You're not trying very hard then. Here, my first try: https://claude.ai/share/ef7764d3-6c5c-4d1a-ba28-6d5218af16e0

kypro · 2025-10-09T20:55:05 1760043305

But no one uses LLMs like this. This is the type of simple fact you could just Google and check yourself.

LLMs are useful for providing answers to more complex questions where some reasoning or integration of information is needed.

In these cases I mostly agree with the parent commenter. LLMs often come up with plausibly correct answers, then when you ask to cite sources they seem to just provide articles vaguely related to what they said. If you're lucky it might directly address what the LLM claimed.

I assume this is because what LLMs say is largely just made up, then when you ask for sources it has to retroactively try to find sources to justify what it said, and it often fails and just links something which could plausibly be a source to back up it's plausibly true claims.

schmichael · 2025-10-09T21:22:43 1760044963

I do, and so does Google. When I googled "When was John Howard elected?" the correct answer came back faster in the AI Overview than I could find the answer in the results. The source the AI Overview links even provides confirmation of the correct answer.

paulhebert · 2025-10-09T21:32:46 1760045566

Yeah but before AI overviews Google would have shown the first search result with a text snippet directly quoted from the page with the answer highlighted.

Thats just as fast (or faster) than the AI overview

schmichael · 2025-10-09T21:48:40 1760046520

The snippet included in the search result does not include or highlight the relevant fact. I feel like you’re not willing to take simple actions to confirm your assertions.

paulhebert · 2025-10-10T04:12:46 1760069566

When I searched, the top result was Wikipedia with the following excerpt: “At the 1974 federal election, Howard was elected as a member of parliament (MP) for the division of Bennelong. He was promoted to cabinet in 1977, and…”

To me this seemed like the relevant detail in the first excerpt.

But after more thought I realize you were probably expecting the date of his election to prime minister which is fair! That’s probably what searchers would be looking for.
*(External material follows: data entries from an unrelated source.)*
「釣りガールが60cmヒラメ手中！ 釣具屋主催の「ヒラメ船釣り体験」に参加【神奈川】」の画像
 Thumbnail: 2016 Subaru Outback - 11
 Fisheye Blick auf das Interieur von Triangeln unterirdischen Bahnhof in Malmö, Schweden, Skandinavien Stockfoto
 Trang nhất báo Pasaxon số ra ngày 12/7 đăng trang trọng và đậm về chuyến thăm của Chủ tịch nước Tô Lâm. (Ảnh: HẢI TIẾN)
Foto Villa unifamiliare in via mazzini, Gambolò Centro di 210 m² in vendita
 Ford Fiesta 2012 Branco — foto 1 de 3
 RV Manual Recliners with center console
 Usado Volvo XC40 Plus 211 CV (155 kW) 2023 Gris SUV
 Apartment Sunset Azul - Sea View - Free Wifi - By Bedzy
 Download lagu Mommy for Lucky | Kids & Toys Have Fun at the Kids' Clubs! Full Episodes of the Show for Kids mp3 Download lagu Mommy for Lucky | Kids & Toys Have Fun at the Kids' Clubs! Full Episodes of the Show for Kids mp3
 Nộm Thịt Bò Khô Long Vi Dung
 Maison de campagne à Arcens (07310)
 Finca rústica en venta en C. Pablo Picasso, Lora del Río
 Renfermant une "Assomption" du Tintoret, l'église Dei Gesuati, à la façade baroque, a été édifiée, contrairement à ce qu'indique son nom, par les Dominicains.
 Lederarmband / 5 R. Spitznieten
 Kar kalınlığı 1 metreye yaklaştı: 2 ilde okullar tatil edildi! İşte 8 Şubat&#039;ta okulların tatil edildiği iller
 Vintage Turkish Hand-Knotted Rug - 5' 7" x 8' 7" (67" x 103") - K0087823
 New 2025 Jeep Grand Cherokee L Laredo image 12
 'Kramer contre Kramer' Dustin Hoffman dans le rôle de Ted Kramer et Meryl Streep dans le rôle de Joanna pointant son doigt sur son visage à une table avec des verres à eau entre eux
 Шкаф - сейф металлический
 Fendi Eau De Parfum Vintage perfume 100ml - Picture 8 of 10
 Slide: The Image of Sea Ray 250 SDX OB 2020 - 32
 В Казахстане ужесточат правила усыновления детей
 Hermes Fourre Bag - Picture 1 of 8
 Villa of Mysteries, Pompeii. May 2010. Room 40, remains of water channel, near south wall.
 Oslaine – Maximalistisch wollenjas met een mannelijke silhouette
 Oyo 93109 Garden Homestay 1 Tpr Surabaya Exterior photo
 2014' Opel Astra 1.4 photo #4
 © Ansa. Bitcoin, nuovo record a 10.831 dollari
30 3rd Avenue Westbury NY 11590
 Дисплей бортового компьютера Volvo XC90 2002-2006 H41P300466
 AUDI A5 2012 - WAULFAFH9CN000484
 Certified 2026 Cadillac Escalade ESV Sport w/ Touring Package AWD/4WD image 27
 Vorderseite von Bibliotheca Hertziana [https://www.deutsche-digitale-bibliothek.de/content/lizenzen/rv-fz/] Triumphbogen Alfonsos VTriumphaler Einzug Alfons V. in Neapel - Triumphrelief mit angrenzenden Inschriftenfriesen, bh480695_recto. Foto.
neuronic · 2025-10-09T19:38:11 1760038691

I even curated a list of 6-8 sources in NotebookLM recently, asked a very straight-forward question (which credential formats does OID4VP allow). The sources were IETF and OpenID specs + some additional articles on it.

I wanted to use NotebookLM as a tool to ask back and forth when I was trying to understand stuff. It got the answer 90% right but also added a random format, sounding highly confident as if I asked the spec authors themselves.

It was easy to check the specs when I became suspicious and now my trust, even in "grounded" LLMs, is completely eroded when it comes to knowledge and facts.

hnuser123456 · 2025-10-09T19:13:28 1760037208

They will just make up links. You need to make sure they're actually researching pages. That's what the deep research mode does. That being said, their interpretation of the information in the links is still influenced by their training.

dep_b · 2025-10-10T07:11:23 1760080283

It gets more obvious once you start researching stuff that is quite niche, like how to connect a forgotten old USB device to a modern computer and the only person posting about it was a Russian guy on an almost abandoned forum.